[Scraped caption text data]
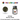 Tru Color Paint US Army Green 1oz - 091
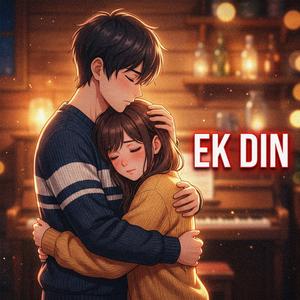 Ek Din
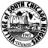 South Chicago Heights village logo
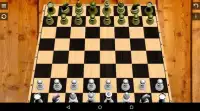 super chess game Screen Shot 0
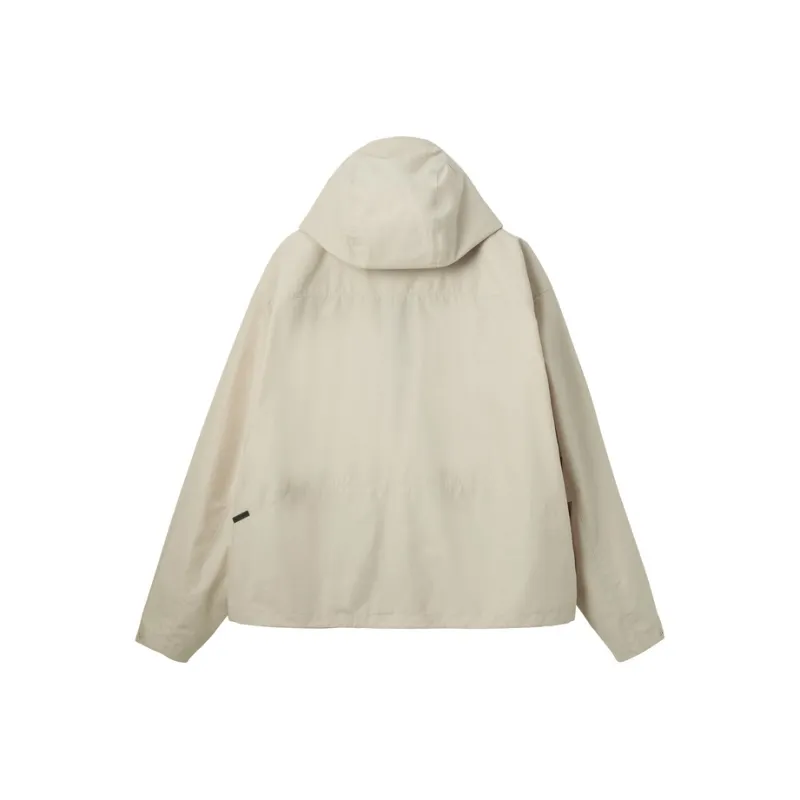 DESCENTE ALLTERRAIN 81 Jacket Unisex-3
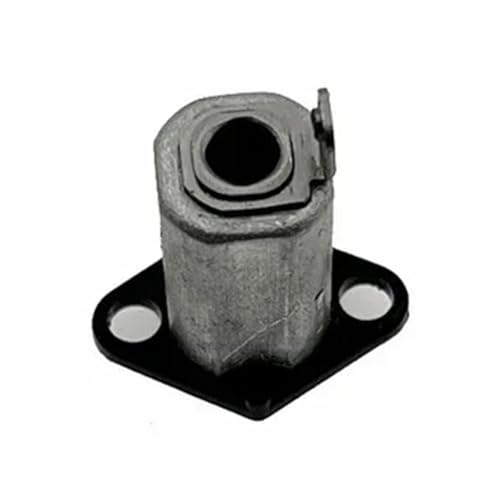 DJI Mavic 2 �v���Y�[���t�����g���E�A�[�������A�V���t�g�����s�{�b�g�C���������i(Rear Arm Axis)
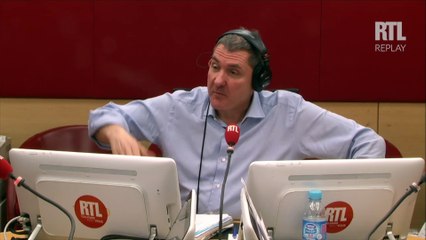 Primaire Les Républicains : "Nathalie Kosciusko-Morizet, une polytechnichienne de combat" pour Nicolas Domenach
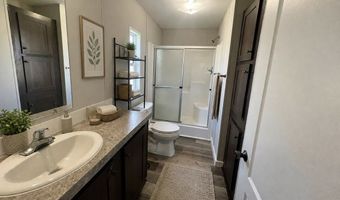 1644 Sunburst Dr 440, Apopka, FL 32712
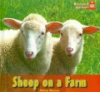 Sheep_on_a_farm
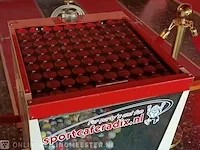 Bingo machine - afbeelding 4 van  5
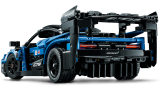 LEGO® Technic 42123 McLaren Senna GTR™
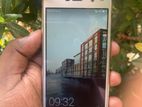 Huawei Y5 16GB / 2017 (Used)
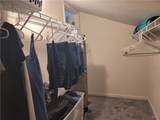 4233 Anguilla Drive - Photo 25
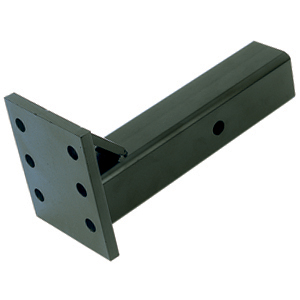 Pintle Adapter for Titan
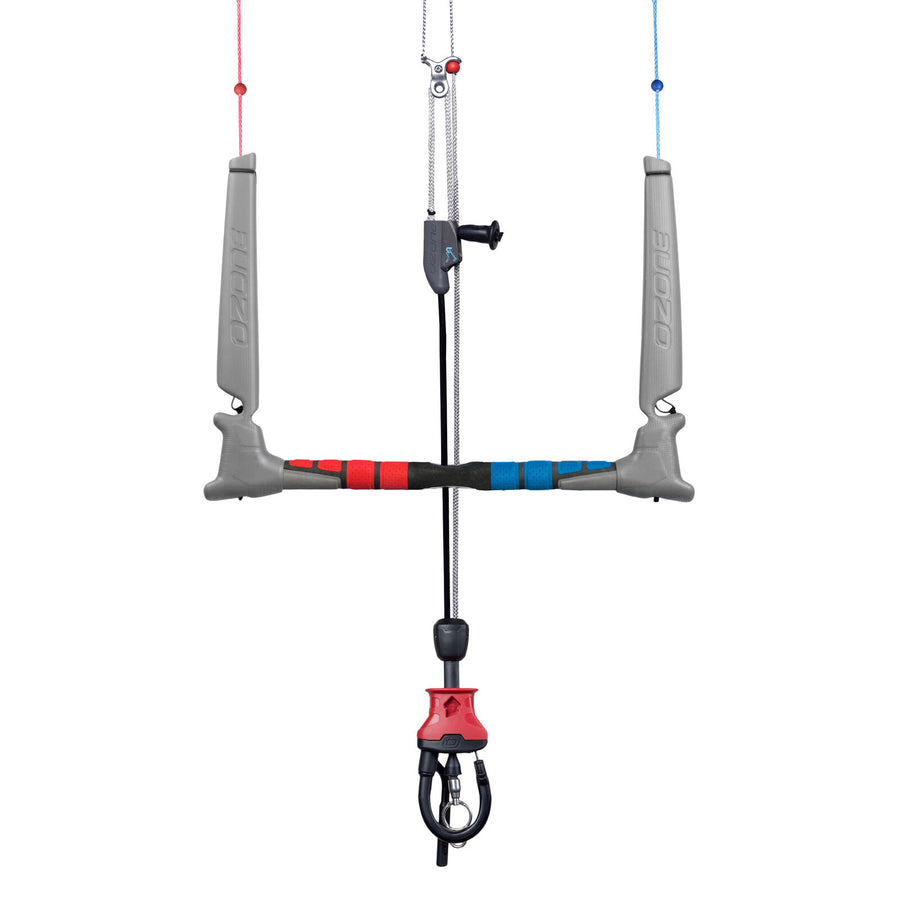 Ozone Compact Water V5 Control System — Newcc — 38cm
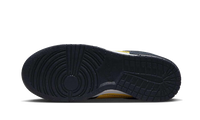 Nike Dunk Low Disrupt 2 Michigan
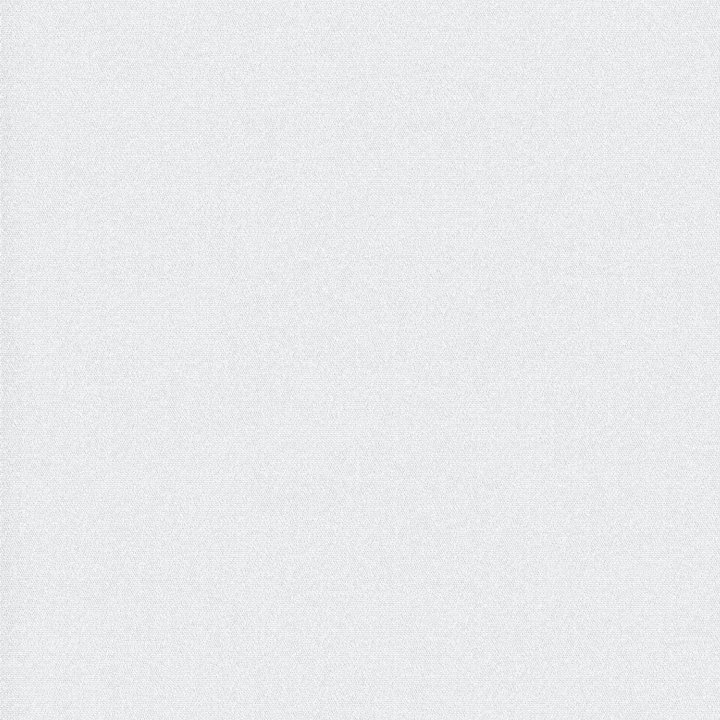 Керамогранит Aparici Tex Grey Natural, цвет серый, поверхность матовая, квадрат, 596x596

● **About this task**
In the copy, include every record exactly and no pictures.

● **Exercise response**
 Tru Color Paint US Army Green 1oz - 091
 Ek Din
 South Chicago Heights village logo
 super chess game Screen Shot 0
 DESCENTE ALLTERRAIN 81 Jacket Unisex-3
 DJI Mavic 2 �v���Y�[���t�����g���E�A�[�������A�V���t�g�����s�{�b�g�C���������i(Rear Arm Axis)
 Primaire Les Républicains : "Nathalie Kosciusko-Morizet, une polytechnichienne de combat" pour Nicolas Domenach
 1644 Sunburst Dr 440, Apopka, FL 32712
 Sheep_on_a_farm
 Bingo machine - afbeelding 4 van  5
 LEGO® Technic 42123 McLaren Senna GTR™
 Huawei Y5 16GB / 2017 (Used)
 4233 Anguilla Drive - Photo 25
 Pintle Adapter for Titan
 Ozone Compact Water V5 Control System — Newcc — 38cm
 Nike Dunk Low Disrupt 2 Michigan
 Керамогранит Aparici Tex Grey Natural, цвет серый, поверхность матовая, квадрат, 596x596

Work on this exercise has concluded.